We are not left to struggle with this tendency toward the “false self”.  We believe and proclaim that Christ has provided a New way of being (ontology again!).  Galatians 2:20 declares that our “self” is “crucified with Christ” so that “I no longer live, but Christ lives in me. The life I now live in the body, I live by faith in the Son of God, who loved me and gave himself for me.” (NIV)  Scripture reveals to us this Freedom is not only something offered to us, but invites us to understand that the very activity of sacrificing our “self” in order to receive the “self” that is alive in Christ is our act of worship! (Romans 12:1)  It is in this New-Creation-living in the life of Jesus that we discover and move toward the “self” God has created us to be. (2 Corinthians 5:17)

So how do we guide young people, and how do we respond to a technology culture that constantly invites us to purposefully curate our own “self” for the sake of how we’re known by others?

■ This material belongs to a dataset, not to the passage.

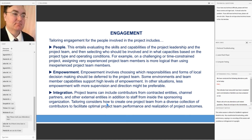A project might require a specific skill set that comes from different groups — local team members, overseas contractors, or a parallel office with the right expertise for the task. Integration is about tailoring your project team to the unique requirements of your project by bringing in the right people who need to be involved.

  1. Understand where the desire for “multiple-selving” comes from.  A certain level is healthy and expected:  What foods do I enjoy? What music/culture/comforts/fashions do I prefer?  What art do I appreciate/contribute?  During the adolescent years especially, our cognitive abilities develop in ways that allow us to “try on” variations of who we might become.   Most of us even continue into adulthood with more than one “self”, and seek to balance these expressions of our identity.
  2. Understand where the desire for a “false self” comes from.  Scripture reminds us we are born into a state of sin that brings death (Romans 5:12).  To deny this is our nature, and just try to “be good” or “be strong/successful/attractive”, etc. is to throw on fig leaves and hope for the best.  We come to God, confessing our naked vulnerability, and accept the price He has paid-to reconcile us in relationship – offering a restored “True self” that exists in the Love of Jesus by the power of the Holy Spirit.
  3. Offer every expression of our “self” to be an opportunity to worship God, not bring glory to our “self”.  Whether on social media, in classrooms, in the living room, or wherever we find ourselves.  “Offer your ‘self’ as a living sacrifice…” (Romans 12:1)  This means daily (and a life of) prayer where we bring our whole “self” into the presence of God.
  4. Pray.  Together, and individually.  In prayer, we enter into a redeemed time and space where we discover the Loving God whose image we were created to bear, and are shaped/empowered by His Spirit toward how that can happen today.  Here we become less and less influenced by how we might be perceived by others, and in declaring Jesus as Lord – give weight to who God has declared we are becoming in Christ.
  5. Love.  Love God as the source of our True Self.  Love others, not as the “selves” they might curate for better or for worse, or as the “false self” ascribed to them by others, but as the “True Self” they are in the light of Jesus Christ.  Finally, love the True Self God has set you free to become – united with God in the Love and power of Jesus Christ by the power of the Holy Spirit.